The data science coder is provided as a quantized GGUF file at HuggingFace. First of all, you need to download the model. Then, you may use tools such as Ollama to run it. There is a Modelfile included in the ./models directory that you can use as a template to run the data science coder 6.7b with Ollama.
ds-coder-instruct dataset HuggingFace was constructed by filtering data science code from publically available datasets on HuggingFace. For more detaisl, please visit the HuggingFace page linked above.
filtering.py is a script designed to filter datasets based on specified criteria. Below is a guide on how to use this script, along with the available arguments:
python filtering.py [OPTIONS]
Replace [OPTIONS] with the desired arguments.
Available Arguments
--tag_col [str]
Description: The name of the column to add the tag to.
Example: --tag_col "category"
--tag [str]
Description: Tag to attach to the filtered dataset.
Example: --tag "filtered"
--dataset_name [str]
Description: Name of the Parquet file in the raw folder.
Example: --dataset_name "my_dataset.parquet"
--regex_filters_path [str]
Description: Path to a JSON file with regex patterns for filtering.
Example: --regex_filters_path "./preprocessing/custom_filters.json"
--save_name [str]
Description: Name of the saved file in the filtered folder.
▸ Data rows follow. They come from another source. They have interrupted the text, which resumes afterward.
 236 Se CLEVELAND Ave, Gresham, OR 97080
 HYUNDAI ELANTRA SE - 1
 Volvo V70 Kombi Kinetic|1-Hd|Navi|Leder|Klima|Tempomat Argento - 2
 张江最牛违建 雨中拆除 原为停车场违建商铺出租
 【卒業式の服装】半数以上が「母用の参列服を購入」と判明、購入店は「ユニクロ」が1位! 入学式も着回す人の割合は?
Example: --save_name "filtered_dataset.json"
--log_file [str]
Description: Path to the log file.
Example: --log_file "./logs/filtering.log"
--output_col_name [str]
Description: The name of the column to predict with the model.
Example: --output_col_name "output"
--input_col_name [str]
Description: The name of the column to prompt the model with.
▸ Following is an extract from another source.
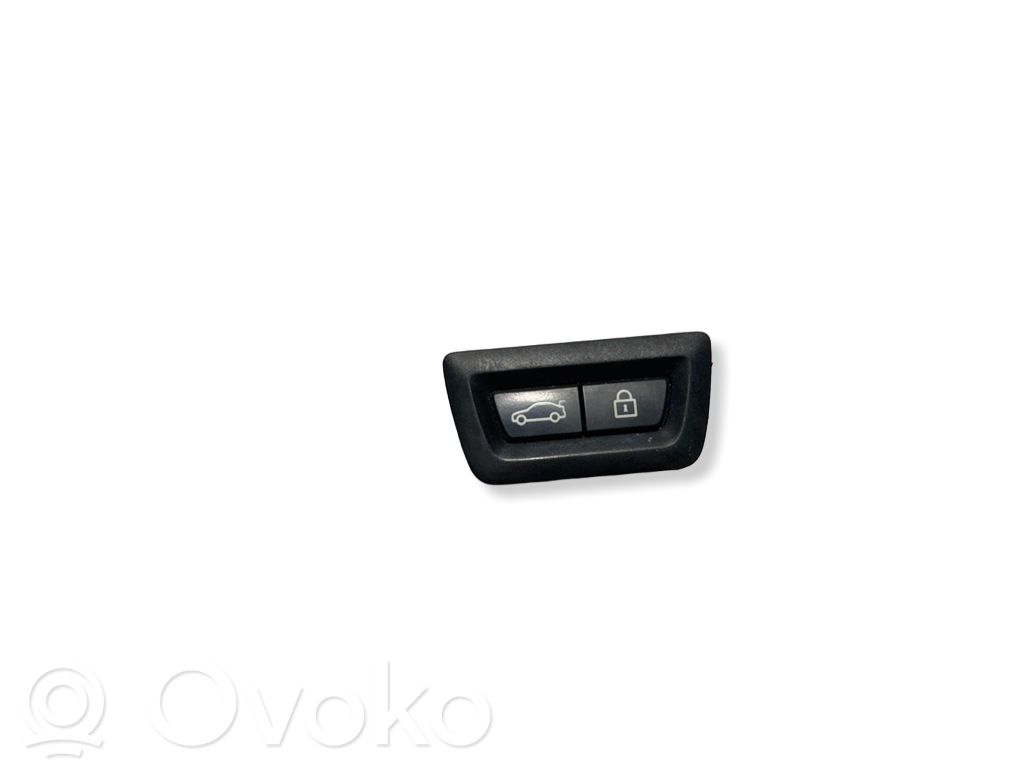 BMW 7 F01 F02 F03 F04 Przycisk otwierania klapy bagażnika 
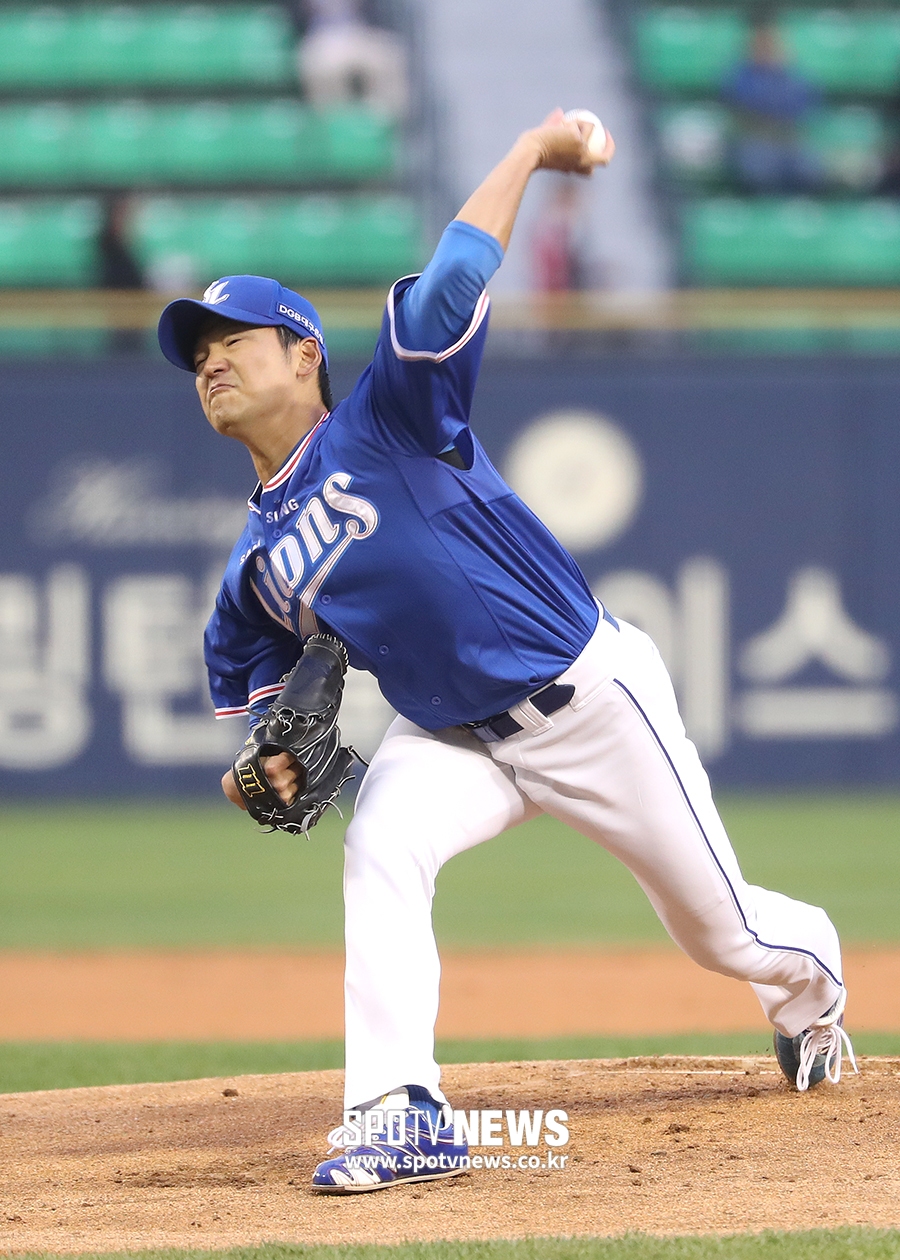 [포토S] 역투하는 삼성 선발 백정현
Example: --input_col_name "instruction"
--line_max [int]
Description: Set the maximum allowed length for a line of code.
Example: --line_max 1000
--line_mean [int]
Description: Set the mean allowed length for a line of code.
Example: --line_mean 100
--alpha_frac [float]
Description: Set the minimum fraction of alphanumeric characters allowed.
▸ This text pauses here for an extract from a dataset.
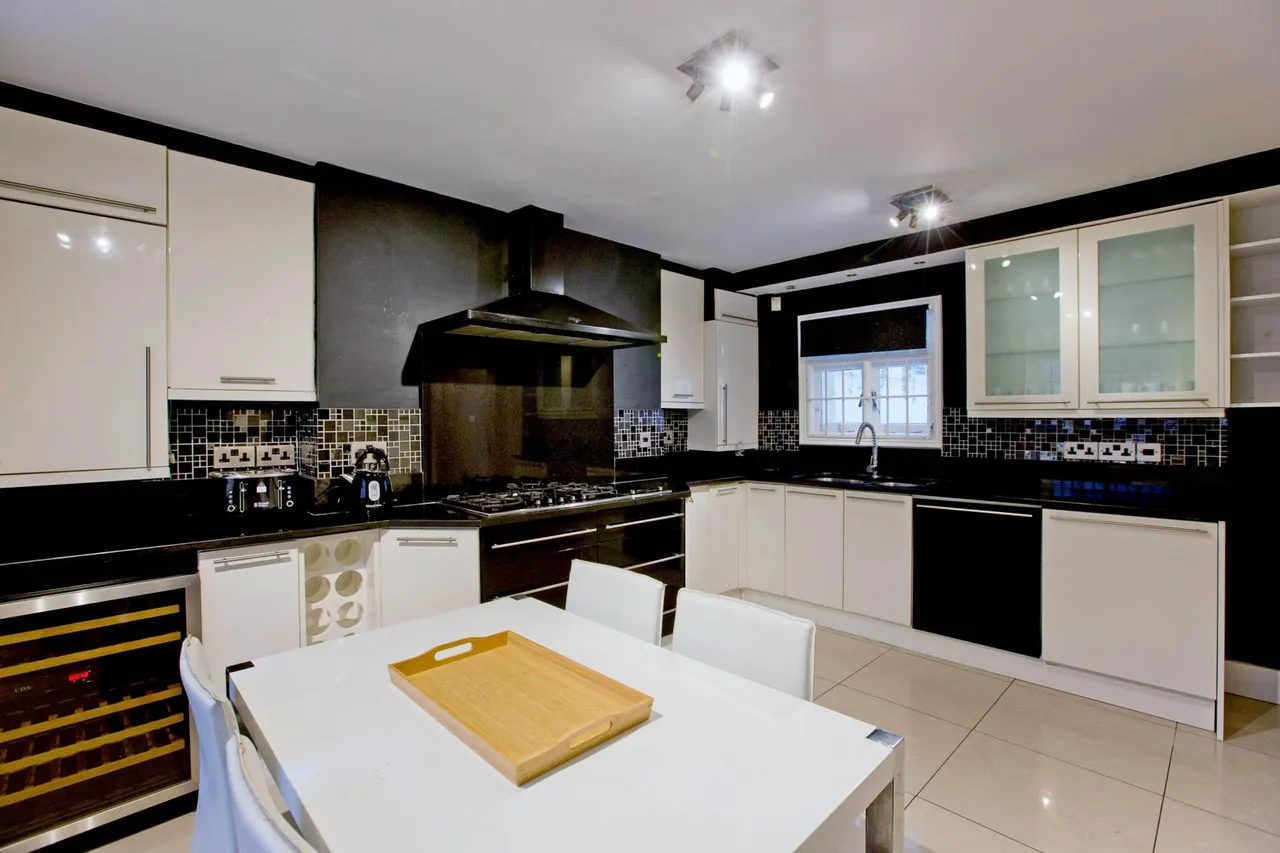 Park Village West, Regent`s Park, NW1, photo 10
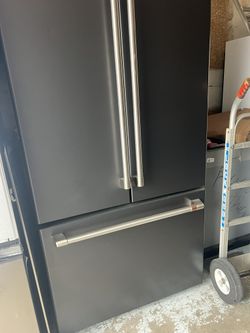 Ge Cafe French Door Refrigerator Counter Deep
Example: --alpha_frac 0.25
--min_size [int]
Description: Set the minimum size for an instruction (in words).
Example: --min_inst_size 5
--max_inst_size [int]
Description: Set the maximum size for an instruction (in words).
Example: --max_inst_size 1000
--max_threshold_comments [float]
Description: Set the maximum threshold for the comment to code ratio.
Example: --max_threshold_comments 0.8
--min_threshold_comments [float]
Description: Set the minimum threshold for the comment to code ratio.
Example: --min_threshold_comments 0.01Filtering is performed using regex on the columns specified in JSON file in regex_filters_path. For example:
{
"output": [
"import (matplotlib|pandas|sklearn|scipy|numpy|nltk|seaborn|xgboost|lightgbm|catboost)",
"df\\[",
"pd\\.",
"plt\\.plot",
"plt\\.show",
"plt\\.subplots",
"from sklearn",
"model\\.fit\\(",
"fig\\.show()",
"import torch",
"nn\\.Module",
"import tensorflow",
"import keras"
],
"instruction": []
}This will filter code in the output column to match any of the given regex patterns. You can create different JSON files with desired filters and run the script.